You don’t necessarily continue every story in every episode, which has given Mateo [Nico Santos] in particular some time to develop that character.

One of the responsibilities of a showrunner, I think, is to have the discipline to slow down and take time with a story. It’s tempting to say let’s do another big move with Mateo, but that leaves you with less to do going forward. The payoff is often better if you wait.

There have been some specific references to social-justice issues like fair wages that you would expect to come up in the context of a big retail store. Have you approached that like an activist figuring out where to put those things or more like a journalist who’s having to figure things out?

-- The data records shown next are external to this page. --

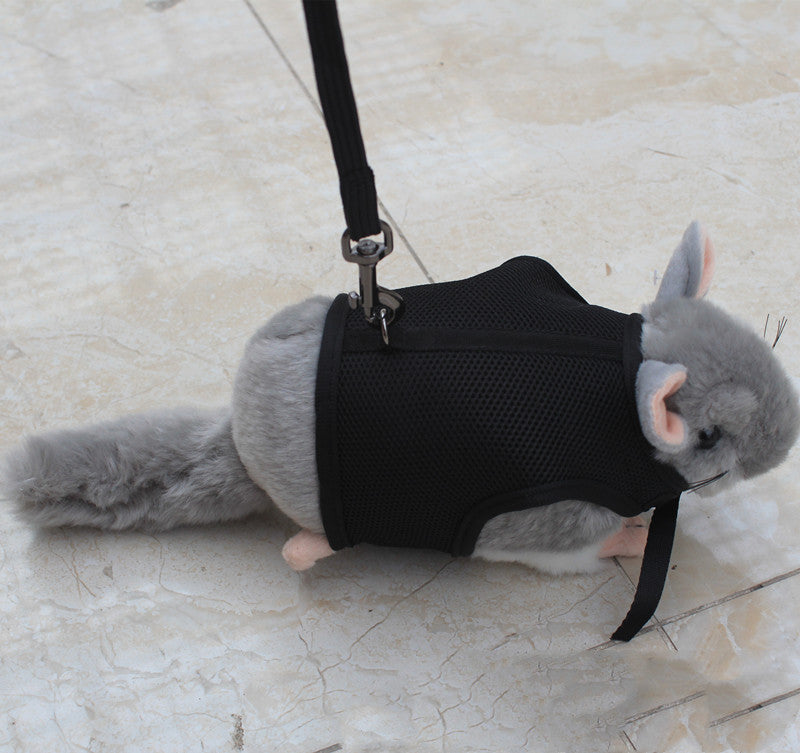 Compact Pet Leash For Comfortable Control And Daily Walks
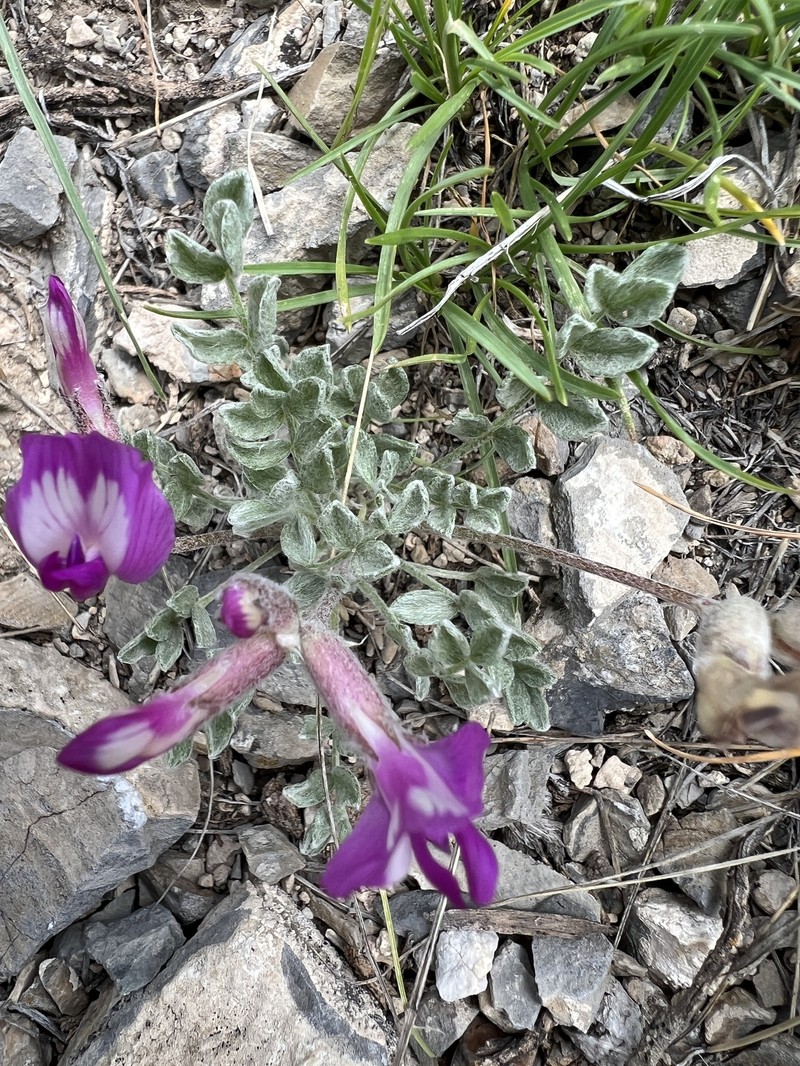 Astragalus purshii var. concinnus photo 4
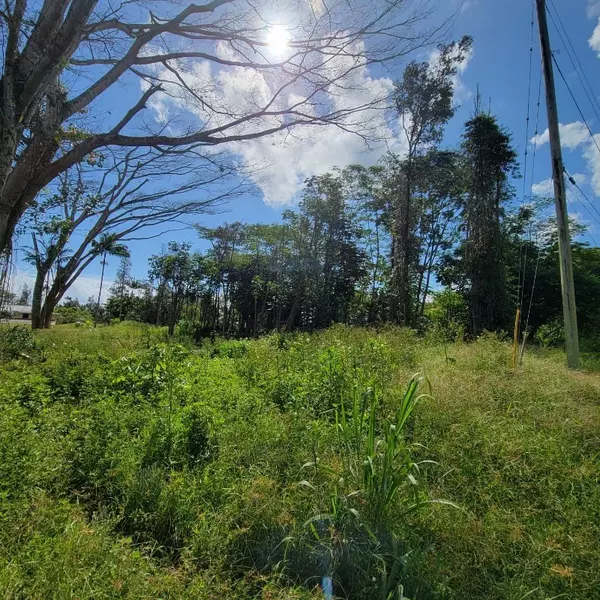 N KAWAKAWA ST, Pahoa, HI 96778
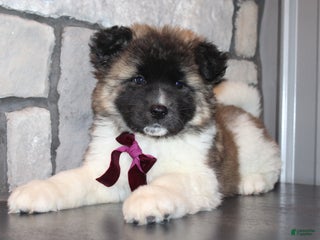 Akita dogs Lucy - Ad 2
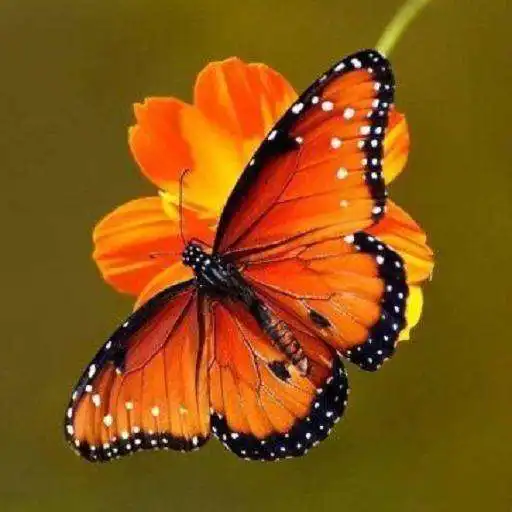 Free play online Beautiful Butterflies APK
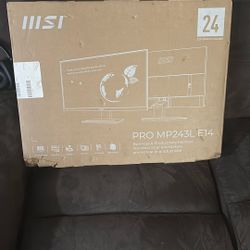 Pro Mp243l E14 Gaming Monitor 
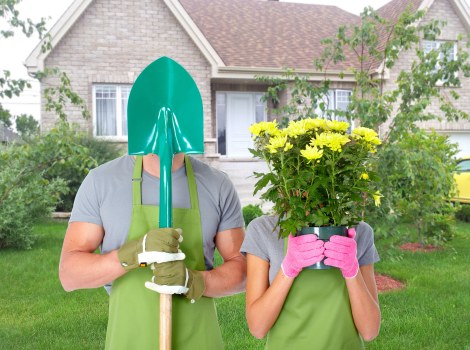 Professional landscape gardening in Addington with structured borders and greenery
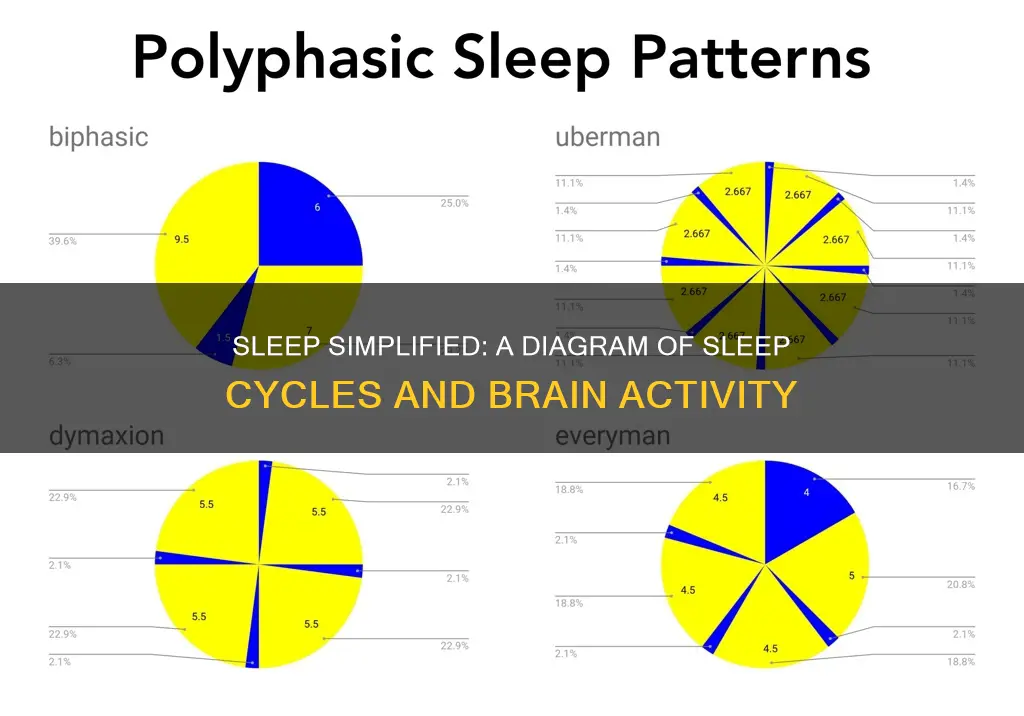 how sleep works diagram
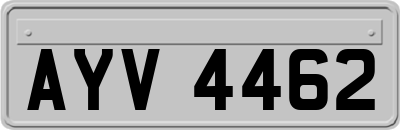 AYV4462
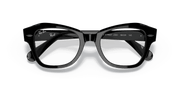 Clear Lenses, Polished Black Frame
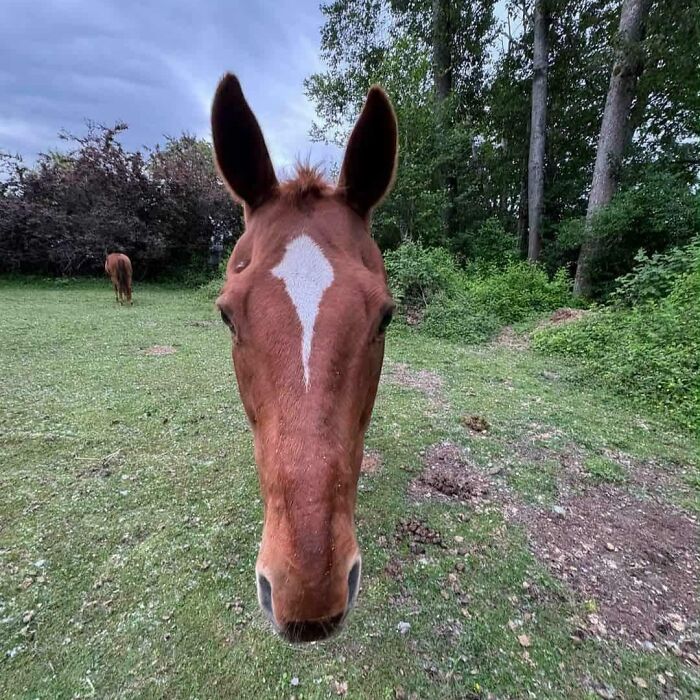 A horse looking directly at the camera, its wide-angle perspective creating an optical illusion.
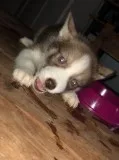 Siberian husky puppies now ready for you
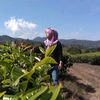 tatangmulyana473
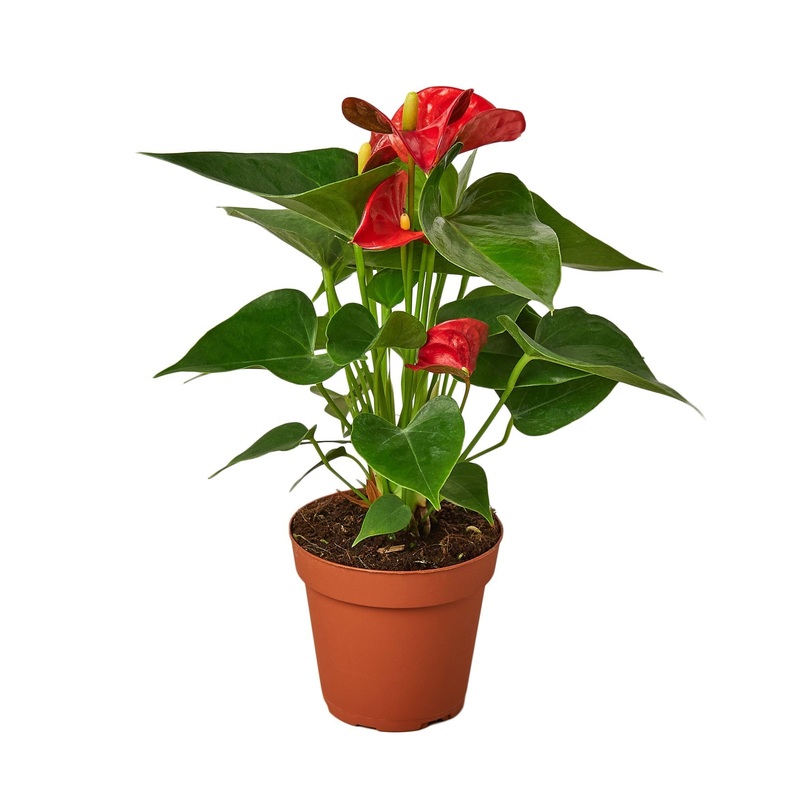 Anthurium ‘Red’ – 4 Pot – NURSERY POT ONLY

We have never made it a mandate for every episode to deal with some political issue. Sometimes we use a social or political issue as a starting point, but it’s more about creating entertaining episodes. We don’t want to be didactic and persuade the audience to believe one side of an issue, and we’re not trying to hash out issues. It’s a show that takes place in the real world, and we shouldn’t be afraid to touch on those issues when they come up. We did an episode with a story about selling guns, and we knew that was a topical and controversial issues. Many stores like this sell guns, and it became about what to do when you’re asked to sell something you have a moral objection to.

Have you aired an episode yet that you wrote after the election?

Not yet.

Have you had discussions about whether Donald Trump will be the president on the show? Whether anyone will acknowledge that or what it means for those characters?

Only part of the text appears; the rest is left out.